The “conspiracy” here, I think, is the idea that the media supposedly won’t report on the fact that COVID is rarely lethal, especially in people under 80. But they have reported on that: It was left-wing NPR that flagged two studies last week showing that the fatality rate from the disease is much lower now than it was in spring, as doctors have gotten better at treating it. But it’s still killing people, and may kill more Americans this winter than it did this summer for the simple reason that the virus is apt to spread more widely in the months ahead than it did in the months behind us. Last Thursday we topped 1,000 dead in a day, the highest number in weeks. Trump celebrating the percentage of young people who survive while the national death toll is creeping up again sends an interesting message to senior citizens about how much of a priority they are for him.

Also, while it’s nice that his stay at Walter Reed was comfortable and successful…

…many people fear going to the hospital and would rather avoid getting a disease with a reasonable chance of sending them there. Hospitalizations in the U.S. are up 33 percent in less than a month, rising from an average of 30,000 a day in late September to 40,000 now.

In Utah, they’re making plans to ration hospital care because they can’t cope with the number of sick. “Under the criteria, which would require [Gov. Gary] Herbert’s approval, patients who are getting worse despite receiving intensive care would be moved out [of the ICU] first,” reports the Salt Lake Tribune. “In the event that two patients’ conditions are equal, the young get priority over the old, since older patients are more likely to die.” Here’s what the positivity rate in Utah looks like right now:

The national positivity rate has increased from 4.3 percent towards the start of this month to 6.2 percent now. If Trump were right that case counts are rising only because testing is increasing, that rate should be flat. The fact that case counts in Europe are also trending stratospheric at the moment suggests that the increase we’re experiencing isn’t a function of testing but a true winter wave that’s hit them hard already and is descending here. But he’s never going to let go of this talking point about testing driving case counts, which he’s been hammering for months. I gotta be me.

I wrote on Friday about the U.S. setting a new daily record in cases but this graph illustrates the point more succinctly. Remember that Massachusetts was blitzed by the same spring wave that crushed New York and New Jersey. If there was widespread immunity there as a consequence, we shouldn’t be seeing data like this:

Nonetheless, he’s sticking with his closing argument: This new wave of COVID is no big deal, assuming it even exists, and you’re sort of a pussy for worrying about it.

If a plane carrying 500 people went down, the media would be talking about it. If two planes carrying 500 people went down every day, and had been going down every day since April, I feel like we’d be hearing a lot about that and what it says about commercial aviation and the government’s oversight of it.

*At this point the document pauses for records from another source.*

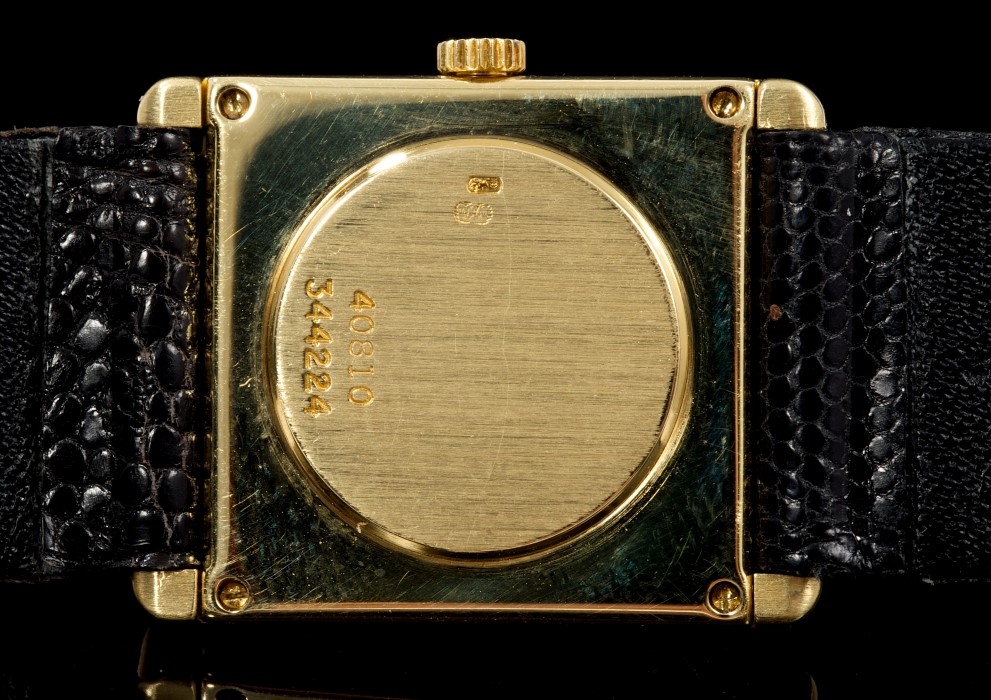 Ladies' Piaget 18ct gold wristwatch with ribbed gold dial integral to the case, - Image 2 of 3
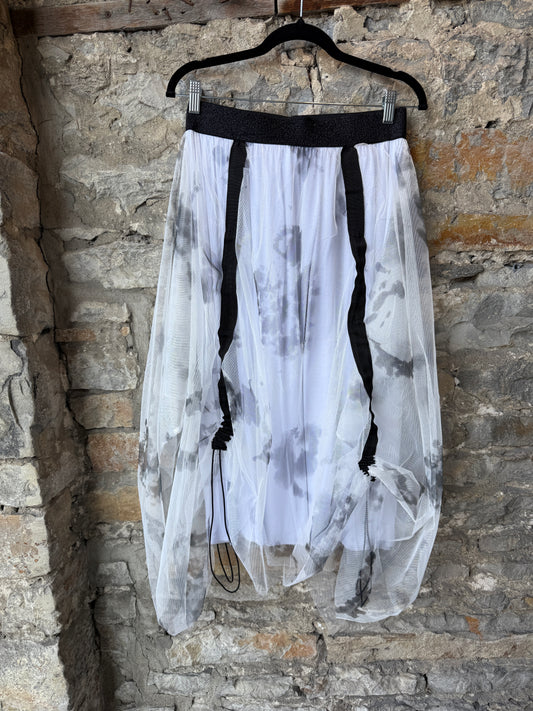 Black and White Tulle Skirt with drawstring detail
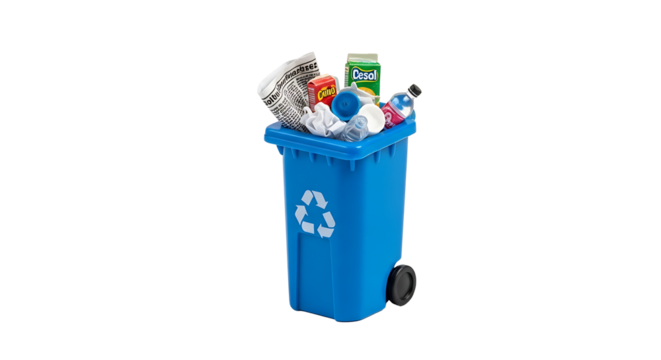 A blue recycling bin filled with assorted recyclable materials on a neutral surface view from front
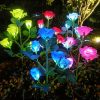 New LED Solar-Powered Rose Garden Lights Realistic Flower Design Waterproof Outdoor Lawn Lights with Ground Spike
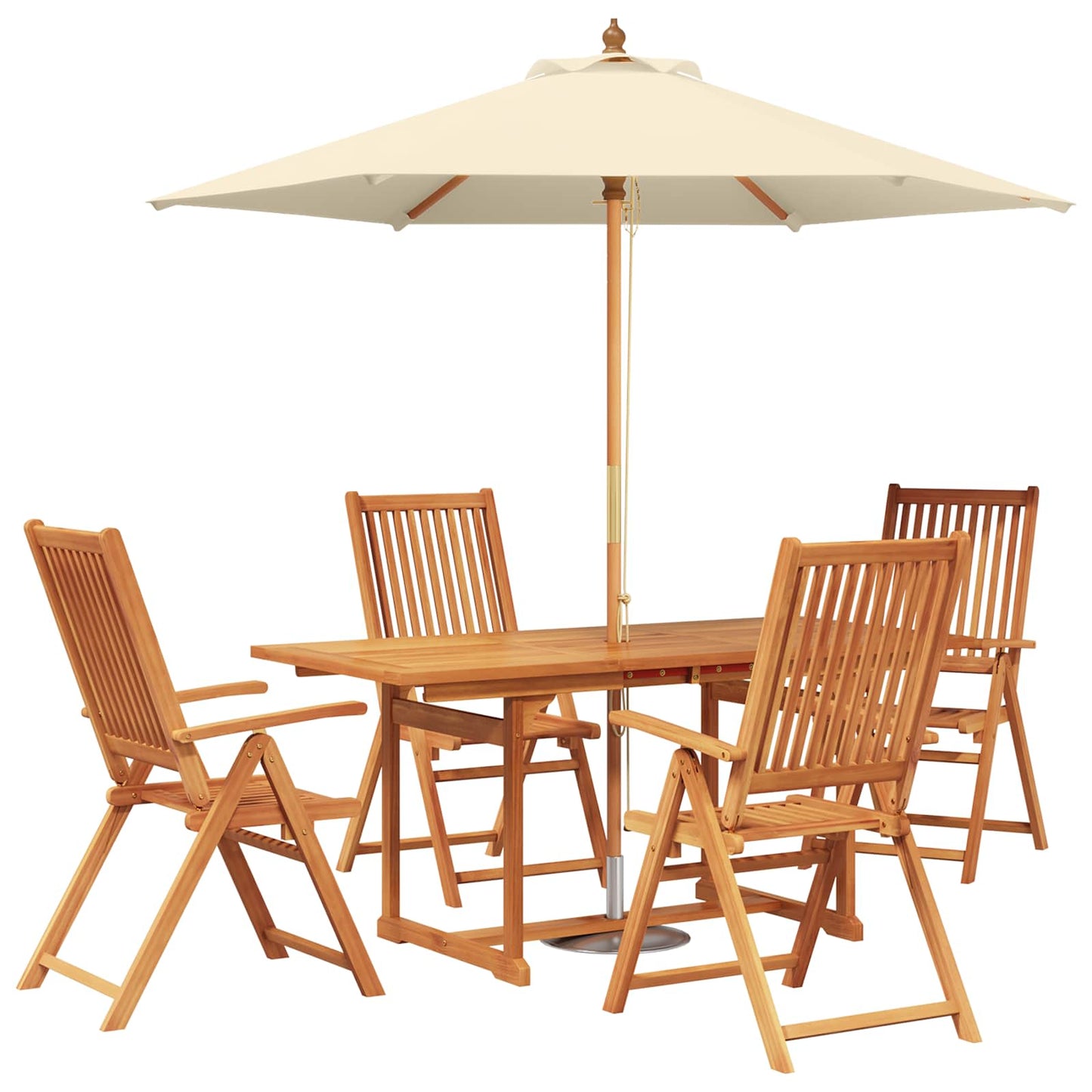 Outdoor Dining Set with Parasol 6 pcs Cream White and Natural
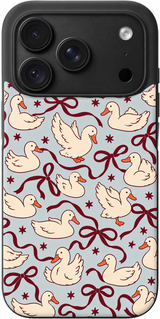 Duck Ribbon Waltz iPhone case design preview in Black. Model-specific fit and camera openings vary.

And if two planes carrying 500 people went down every day for seven months and the president was on the stump suggesting that it should be illegal for the media not to cover the fact that most airline passengers arrive safely, we’d be hearing an awful lot about that.

Still, points for honesty. It would have been the easiest thing in the world for him to have had an opportunistic eleventh-hour “Saul on the road to Damascus” conversion after he got COVID himself, as seems to have happened to Chris Christie. Not POTUS. He got right back on the horse and continued his journey. He’s minimized the pandemic from the beginning and he’s owning that message in the end. Good for him.